_WORK INSTRUCTIONS_:
Each line below must be reproduced exactly, though the pictures are to be dropped.

_DATA EXCERPT_:
_ _ _

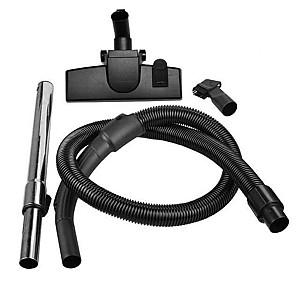 Aspirator HAUSBERG HB-2820RS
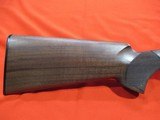 Browning 525 Field Upland Series 20ga/28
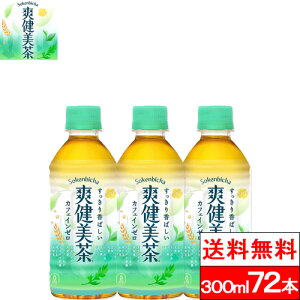 y SzΉ zy  zy RJER[ zu 300ml PET 24{ 3iv72{j JtFC[ uh ngM  唞 ǂ  ⋋ qp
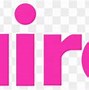 Image result for Claire's Old Logo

_ _ _

_ANSWER BELOW_:
 Aspirator HAUSBERG HB-2820RS
 Browning 525 Field Upland Series 20ga/28
 y SzΉ zy  zy RJER[ zu 300ml PET 24{ 3iv72{j JtFC[ uh ngM  唞 ǂ  ⋋ qp
 Image result for Claire's Old Logo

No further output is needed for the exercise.